John Bucknall

Personal information
- Full name: John Bucknall

Playing information
- Position: Second-row, Prop
Club
| Years | Team | Pld | T | G | FG | P |
| 1969–73 | Manly-Warringah | 55 | 2 | 0 | 0 | 6 |
Representative
| Years | Team | Pld | T | G | FG | P |
| 1973 | New South Wales | 1 | 0 | 0 | 0 | 0 |
- Source: As of 5 April 2019

= John Bucknall =

Australian rugby league footballer

John Bucknall is an Australian former rugby league footballer who played in 1960s and 1970s. He played for Manly-Warringah in the New South Wales Rugby League (NSWRL) competition.

==Playing career==
Bucknall made his first grade debut for Manly in 1969. In 1970, Manly reached the grand final against South Sydney. Bucknall played at second-row in the grand final and is best remembered for playing in this match.
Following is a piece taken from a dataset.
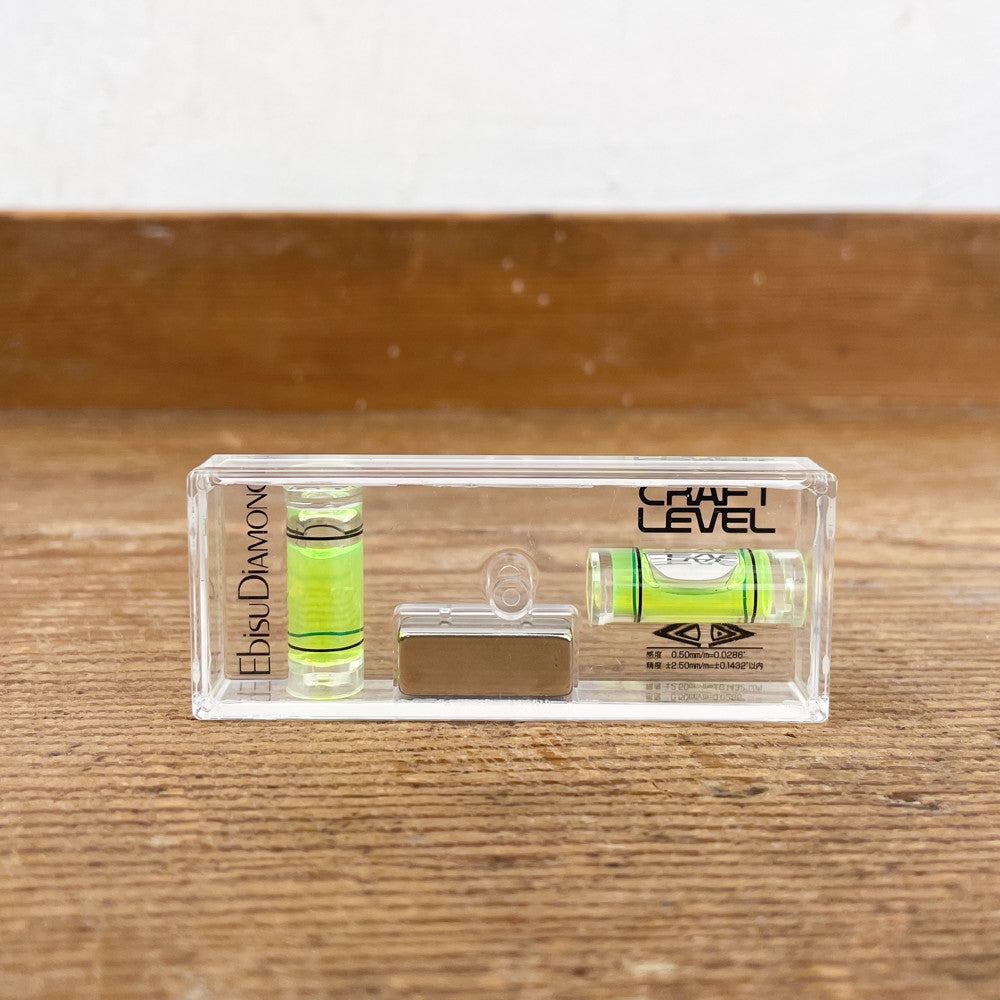Mini transparent level with magnet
During the first half, Bucknall punched Souths captain John Sattler in the face during an off the ball incident breaking Sattler's jaw. Sattler then told teammate Mike Cleary "Hold me up so they don't know I'm hurt". Souths led the grand final at the half time break and it was only then that the Souths players learnt of Sattler's injury.
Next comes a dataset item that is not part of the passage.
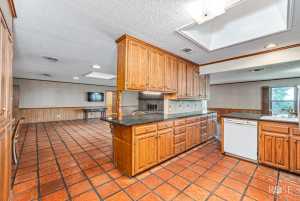 1000 Lakeside Dr (20)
In the second half, Bucknall was targeted by the South Sydney players and Manly went on to lose the grand final 23–12. Bucknall did not play any games for Manly in 1971 but returned to the side in 1972. Bucknall was not selected to play in Manly's maiden grand final victory over Eastern Suburbs.
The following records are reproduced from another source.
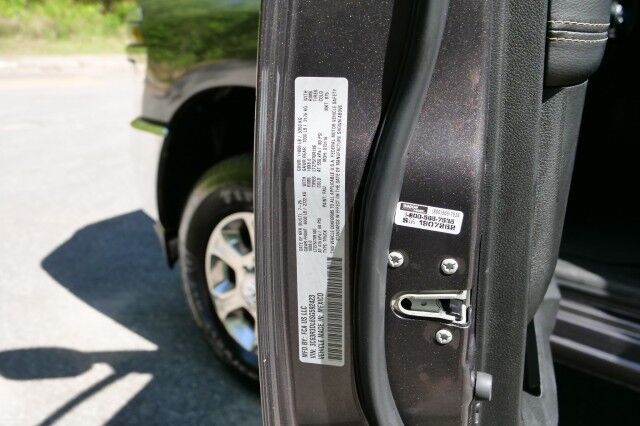 2025 Ram 3500 Big Horn 4X4 / Level 2 Plus Equipment / HO Diesel! High Point NC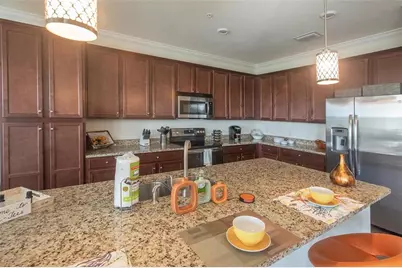 17108 Vardon Terrace #401, Bradenton, FL 34211 - Photo 8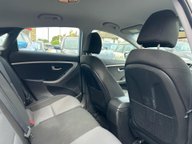 Hyundai i30 CRDI SE BLUE DRIVE 12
In 1973, Bucknall was selected to play for New South Wales against Queensland. Manly also reached their second grand final in a row after claiming the minor premiership in 1973. Bucknall played from the bench in the 1973 NSWRL grand final against Cronulla-Sutherland as the club won its second premiership defeating Cronulla 10–7 in a bruising final. This would be Bucknall's last game for Manly and he retired as a premiership winning player.

==Post playing==
In 2014, John Sattler spoke to the Daily Telegraph and declared after 44 years that he had finally forgiven Bucknall for breaking his jaw in the 1970 grand final. Sattler said that he had never spoken to Bucknall after the match even though in the years since Bucknall had wanted to apologize and declare a truce. Sattler said "I wanted nothing to do with it, “Do I hate Bucknall? No, I don’t, Have I forgiven him? Yes, I have".